● Work request: Look below for the line holding "Stunden-Statistik im Monat Juni 2009" and the line holding "MSCI半年度指数调整名单公布 关注新入选个股". Repeat those two and everything between, exactly.

● Dataset extract:
---*---
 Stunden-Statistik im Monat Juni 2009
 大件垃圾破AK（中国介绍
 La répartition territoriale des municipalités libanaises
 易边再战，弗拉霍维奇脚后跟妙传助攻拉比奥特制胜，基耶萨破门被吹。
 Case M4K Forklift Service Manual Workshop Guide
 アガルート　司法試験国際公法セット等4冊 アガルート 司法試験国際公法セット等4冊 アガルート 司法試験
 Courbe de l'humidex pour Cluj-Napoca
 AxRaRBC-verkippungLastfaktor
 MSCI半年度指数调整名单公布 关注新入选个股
---*---
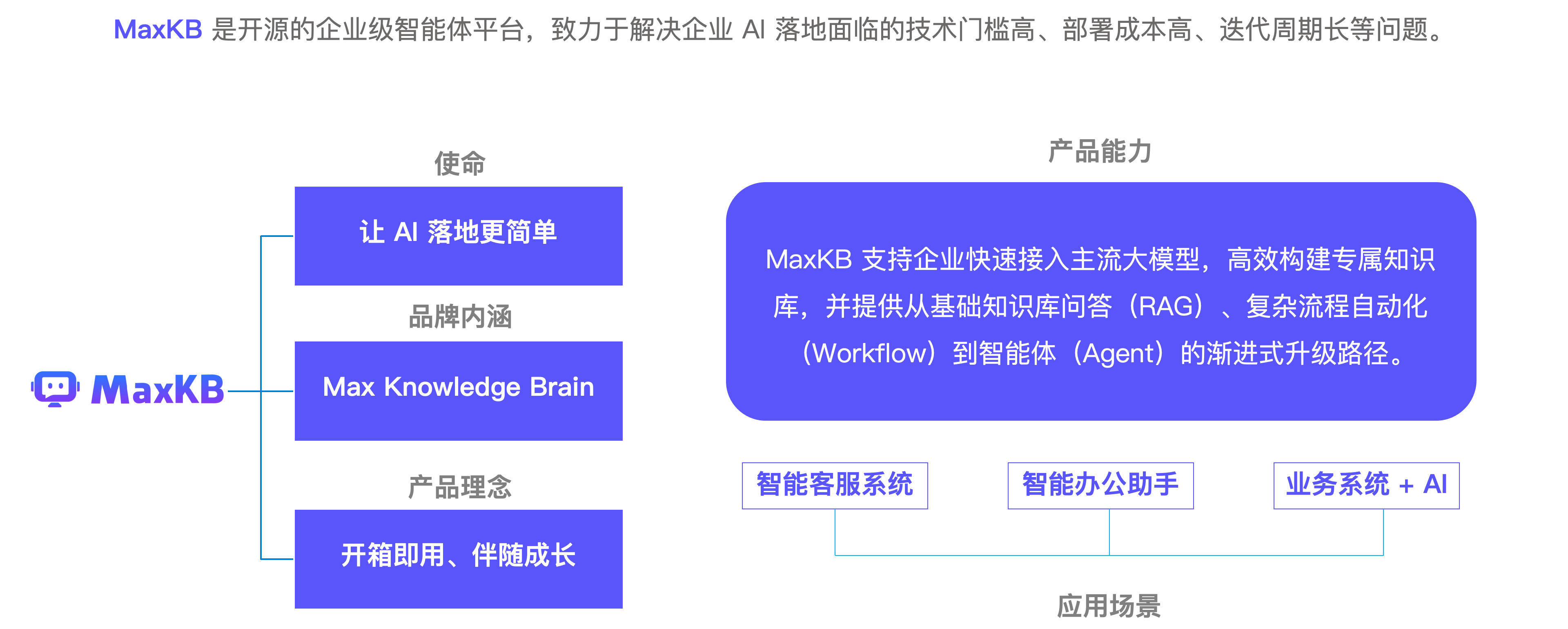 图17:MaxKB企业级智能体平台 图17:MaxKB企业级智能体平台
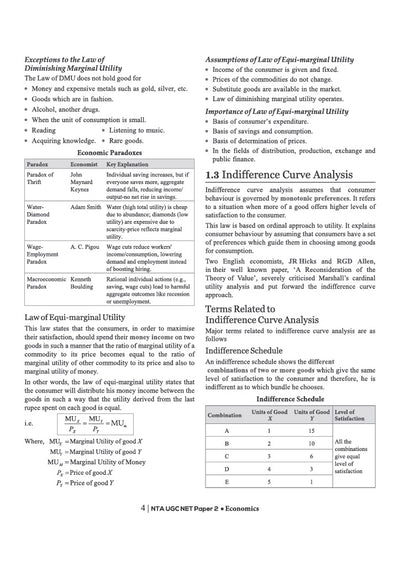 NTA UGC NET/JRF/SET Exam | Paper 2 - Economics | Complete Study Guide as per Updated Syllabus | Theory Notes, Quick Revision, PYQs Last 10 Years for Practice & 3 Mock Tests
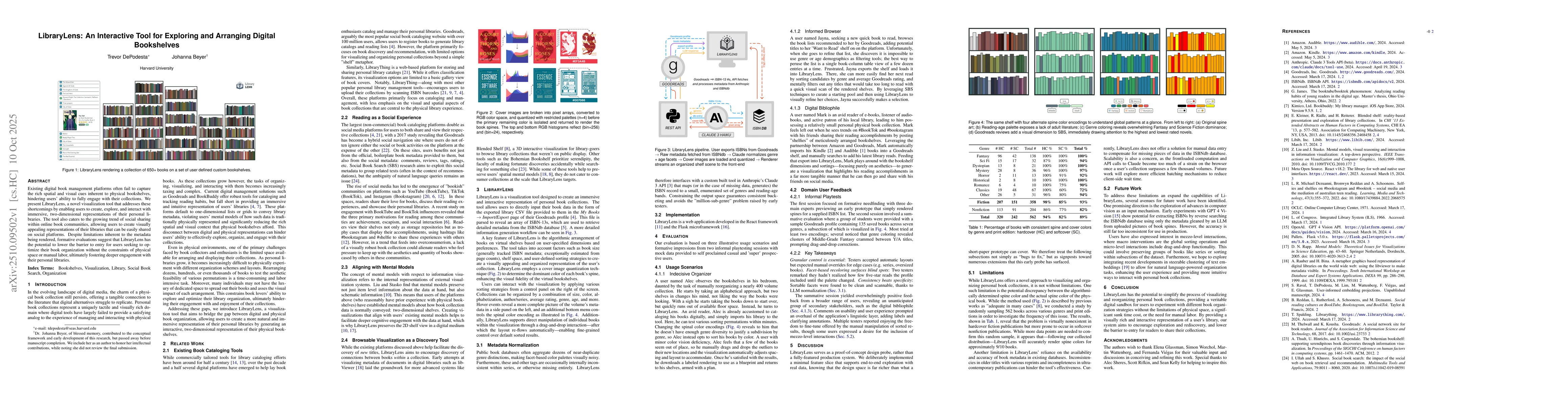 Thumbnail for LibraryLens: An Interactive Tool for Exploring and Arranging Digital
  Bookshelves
---*---
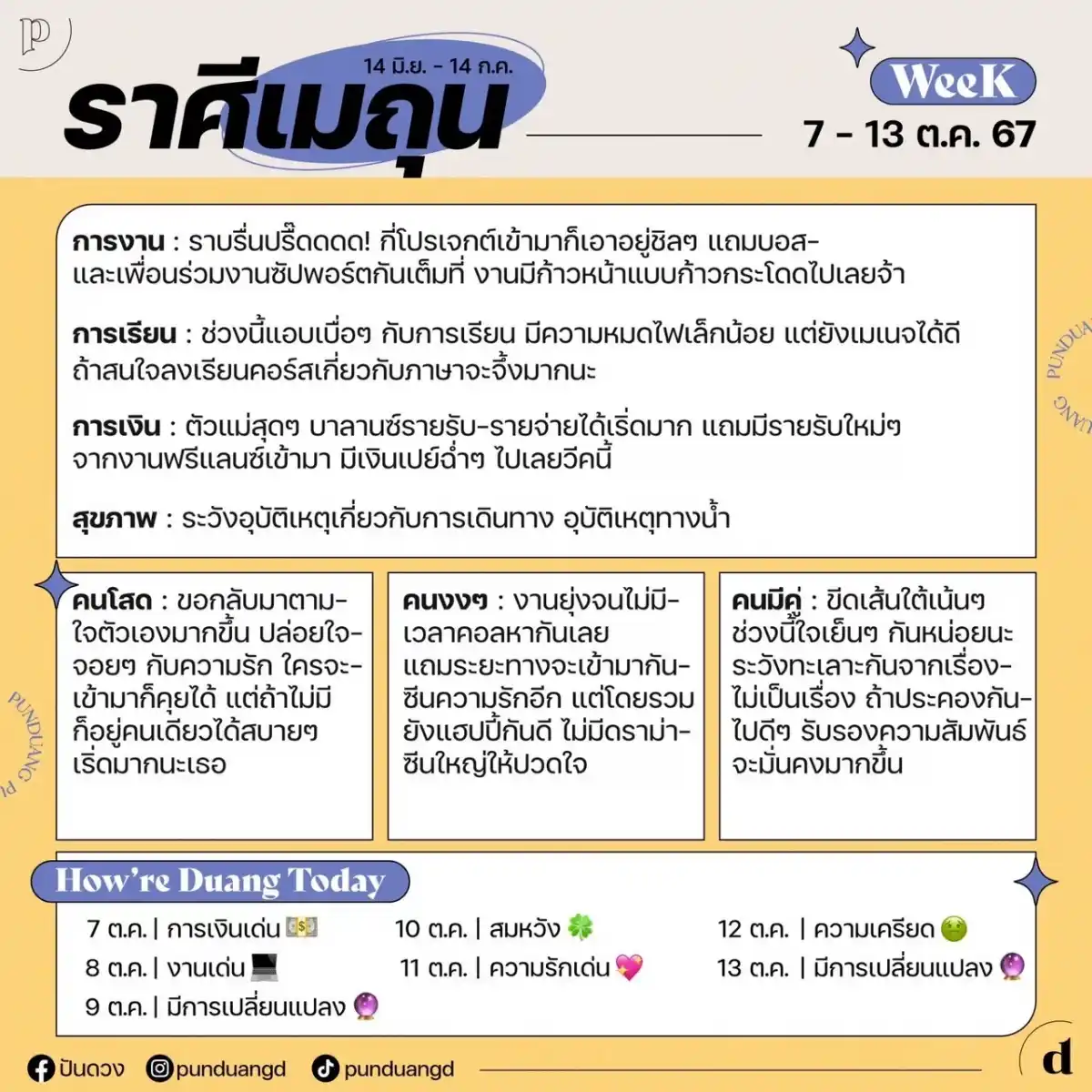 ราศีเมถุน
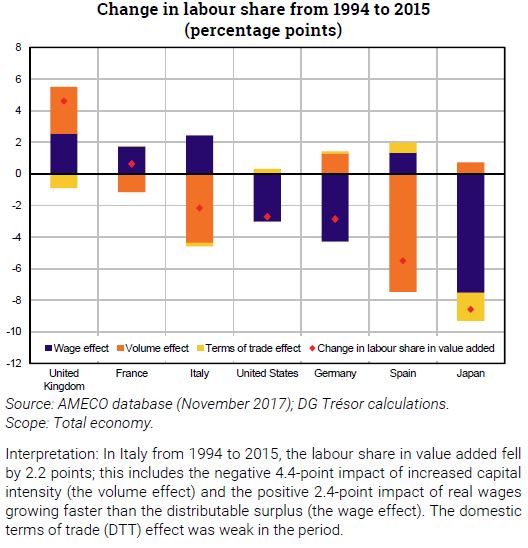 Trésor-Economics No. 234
---*---
● Response to the task:
 Stunden-Statistik im Monat Juni 2009
 大件垃圾破AK（中国介绍
 La répartition territoriale des municipalités libanaises
 易边再战，弗拉霍维奇脚后跟妙传助攻拉比奥特制胜，基耶萨破门被吹。
 Case M4K Forklift Service Manual Workshop Guide
 アガルート　司法試験国際公法セット等4冊 アガルート 司法試験国際公法セット等4冊 アガルート 司法試験
 Courbe de l'humidex pour Cluj-Napoca
 AxRaRBC-verkippungLastfaktor
 MSCI半年度指数调整名单公布 关注新入选个股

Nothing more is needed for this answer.